Build a News recommendation app from python with Vespa
Part 1 - News search functionality
- Dataset
- Install pyvespa
- Create the search app
- Deploy the app on Docker
- Feed data to the app
- Query the app
- Use news popularity signal for ranking
We will build a news recommendation app in Vespa without leaving a python environment. In this first part of the series, we want to develop an application with basic search functionality. Future posts will add recommendation capabilities based on embeddings and other ML models. This series is a simplified version of Vespa's News search and recommendation tutorial. We will also use the demo version of the Microsoft News Dataset (MIND) so that anyone can follow along on their laptops.
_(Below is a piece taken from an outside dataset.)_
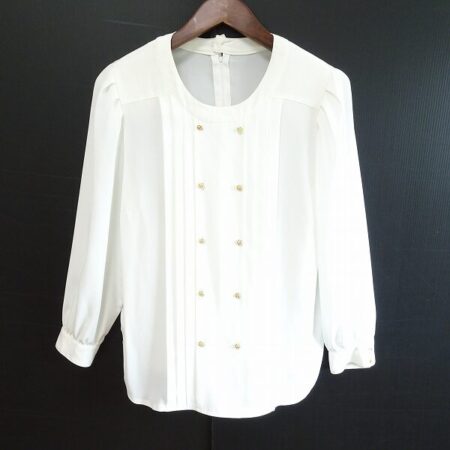 白×プリーツの綺麗さにうっとり レリアンのブラウスを買取しました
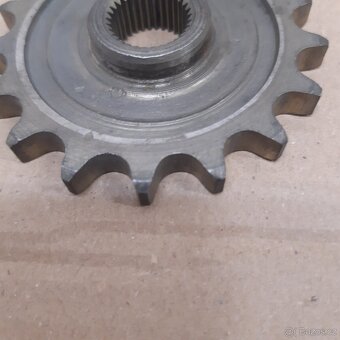 ČZ 125--150 B-T-C ozubené kolo 17 zub - 2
The original Vespa news search tutorial provides a script to download, parse and convert the MIND dataset to Vespa format. To make things easier for you, we made the final parsed data required for this tutorial available for download:
import requests, json
data = json.loads(
requests.get("https://thigm85.github.io/data/mind/mind_demo_fields_parsed.json").text
)
data[0]
The final parsed data used here is a list where each element is a dictionary containing relevant fields about a news article such as title
and category
. We also have information about the number of impressions
and clicks
the article has received. The demo version of the mind dataset has 28.603 news articles included.
len(data)
!pip install pyvespa
Create the application package. app_package
will hold all the relevant data related to your application's specification.
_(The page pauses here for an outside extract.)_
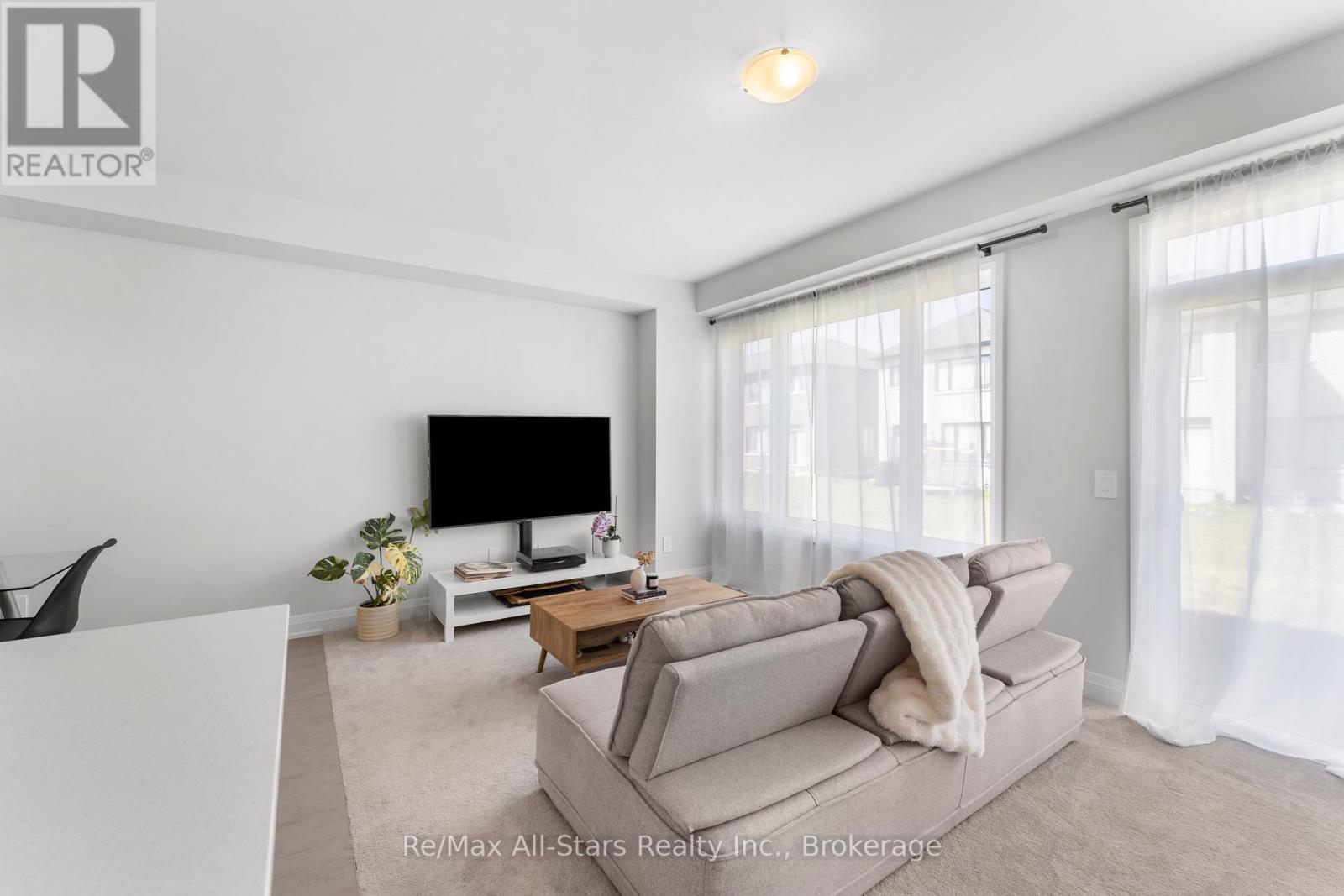 7 Keenan Street, Kawartha Lakes (Lindsay), Ontario  K9V 6C2 - Photo 6 - X13607832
from vespa.package import ApplicationPackage
app_package = ApplicationPackage(name="news")
Add fields to the schema. Here is a short description of the non-obvious arguments used below:
-
indexing argument: configures the indexing pipeline for a field, which defines how Vespa will treat input during indexing.
-
"index": Create a search index for this field.
-
"summary": Lets this field be part of the document summary in the result set.
-
"attribute": Store this field in memory as an attribute — for sorting, querying and grouping.
-
-
index argument: configure how Vespa should create the search index.
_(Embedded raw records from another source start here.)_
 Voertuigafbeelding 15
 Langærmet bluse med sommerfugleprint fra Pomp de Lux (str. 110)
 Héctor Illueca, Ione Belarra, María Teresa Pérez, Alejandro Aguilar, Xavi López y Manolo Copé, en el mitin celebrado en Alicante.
- "enable-bm25": set up an index compatible with bm25 ranking for text search.
-
attribute argument: configure how Vespa should treat an attribute field.
- "fast-search": Build an index for an attribute field. By default, no index is generated for attributes, and search over these defaults to a linear scan.
from vespa.package import Field
app_package.schema.add_fields(
Field(name="news_id", type="string", indexing=["summary", "attribute"], attribute=["fast-search"]),
Field(name="category", type="string", indexing=["summary", "attribute"]),
Field(name="subcategory", type="string", indexing=["summary", "attribute"]),
Field(name="title", type="string", indexing=["index", "summary"], index="enable-bm25"),
Field(name="abstract", type="string", indexing=["index", "summary"], index="enable-bm25"),
Field(name="url", type="string", indexing=["index", "summary"]),
Field(name="date", type="int", indexing=["summary", "attribute"]),
Field(name="clicks", type="int", indexing=["summary", "attribute"]),
Field(name="impressions", type="int", indexing=["summary", "attribute"]),
)
Add a fieldset to the schema. Fieldset allows us to search over multiple fields easily. In this case, searching over the default
fieldset is equivalent to searching over title
and abstract
.
from vespa.package import FieldSet
app_package.schema.add_field_set(
FieldSet(name="default", fields=["title", "abstract"])
)
We have enough to deploy the first version of our application. Later in this tutorial, we will include an article’s popularity into the relevance score used to rank the news that matches our queries.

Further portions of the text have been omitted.